Extracted data entries

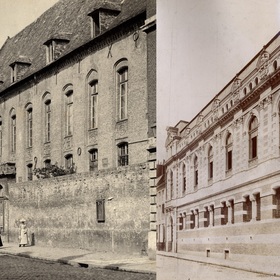 De bibliotheek van Saint-Omer voor en na de wederopbouw (tussen 1890 en 1900).

In de late 19de eeuw overwoog het gemeentebestuur van Saint-Omer om het oude jezuïetencollege, dat dateerde uit de 16de eeuw en sinds 1799 de bibliotheek huisvestte te herbouwen. De vervallen staat van het pand leidde tot regelmatige verzoeken om werkzaamheden uit te voeren, en zelfs om de bibliotheek te verplaatsen. Pas in 1891 besloot de gemeenteraad de werkzaamheden uit te voeren. Na de sloop van het oude college in 1893 ontwierp architect Ernest Decroix een gebouw met een gevel die natuursteen en rode baksteen harmonieus combineert, en die zowel de renaissance- als de 17de-eeuwse stijl suggereert. Het gebouw, gelegen in een onderwijswijk, omvatte zeven middelbare schoollokalen op de begane grond en de bibliotheek op de eerste verdieping. Het stadsarchief zou op de zolder worden ondergebracht. De bouwwerkzaamheden werden op 14 maart 1895 opgeleverd. Het archief, tevoren gehuisvest in het stadhuis, werd in 1898 naar de bibliotheek verhuisd, wat de wetenschappelijke identiteit van het gebouw versterkte.
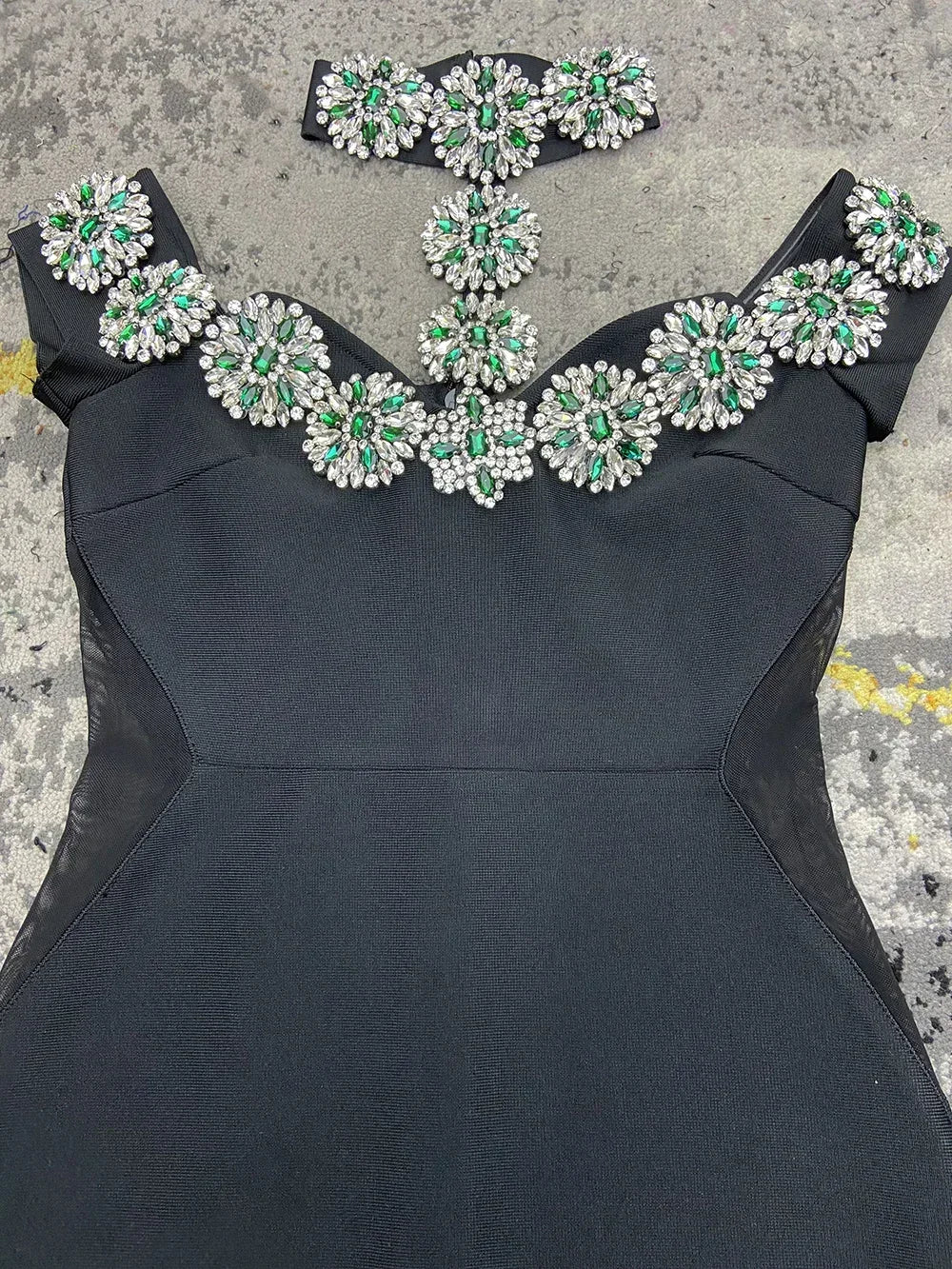 2025 Sexy Women Light Luxury Nail Bead Bandage Dress Hanging Neck Shoulder Short Sleeve Bodycon Long Dress Evening Party Vestido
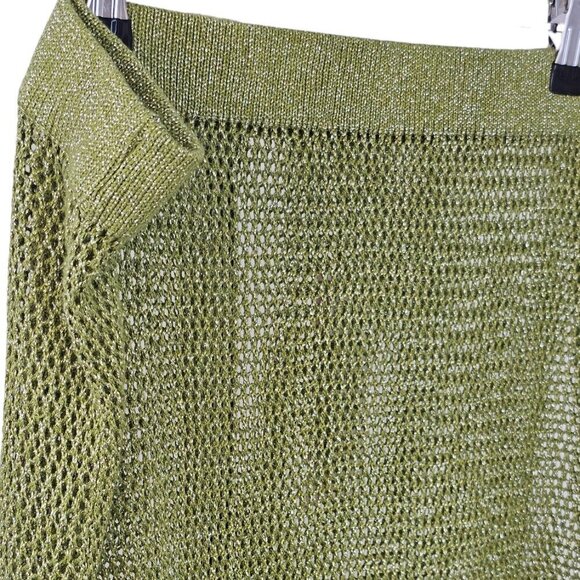 Future Collective x Alani Noelle Metallic Green Knit Skirt Size 1X Plus Size NWT - Picture 7 of 11
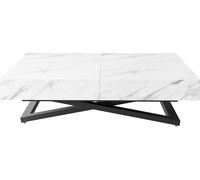 WFL GROUP Table Basse Relevable Extensible Cavetta U - Table Multifonction Salon Salle à Manger 120-200/80/27-76 Cm Marbre Blanc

§ **WHAT YOU NEED TO DO**
With the pictures omitted, print each line of the data above precisely as given.

§ **EXERCISE SOLUTION**
 De bibliotheek van Saint-Omer voor en na de wederopbouw (tussen 1890 en 1900).

In de late 19de eeuw overwoog het gemeentebestuur van Saint-Omer om het oude jezuïetencollege, dat dateerde uit de 16de eeuw en sinds 1799 de bibliotheek huisvestte te herbouwen. De vervallen staat van het pand leidde tot regelmatige verzoeken om werkzaamheden uit te voeren, en zelfs om de bibliotheek te verplaatsen. Pas in 1891 besloot de gemeenteraad de werkzaamheden uit te voeren. Na de sloop van het oude college in 1893 ontwierp architect Ernest Decroix een gebouw met een gevel die natuursteen en rode baksteen harmonieus combineert, en die zowel de renaissance- als de 17de-eeuwse stijl suggereert. Het gebouw, gelegen in een onderwijswijk, omvatte zeven middelbare schoollokalen op de begane grond en de bibliotheek op de eerste verdieping. Het stadsarchief zou op de zolder worden ondergebracht. De bouwwerkzaamheden werden op 14 maart 1895 opgeleverd. Het archief, tevoren gehuisvest in het stadhuis, werd in 1898 naar de bibliotheek verhuisd, wat de wetenschappelijke identiteit van het gebouw versterkte.
 2025 Sexy Women Light Luxury Nail Bead Bandage Dress Hanging Neck Shoulder Short Sleeve Bodycon Long Dress Evening Party Vestido
 Future Collective x Alani Noelle Metallic Green Knit Skirt Size 1X Plus Size NWT - Picture 7 of 11
 WFL GROUP Table Basse Relevable Extensible Cavetta U - Table Multifonction Salon Salle à Manger 120-200/80/27-76 Cm Marbre Blanc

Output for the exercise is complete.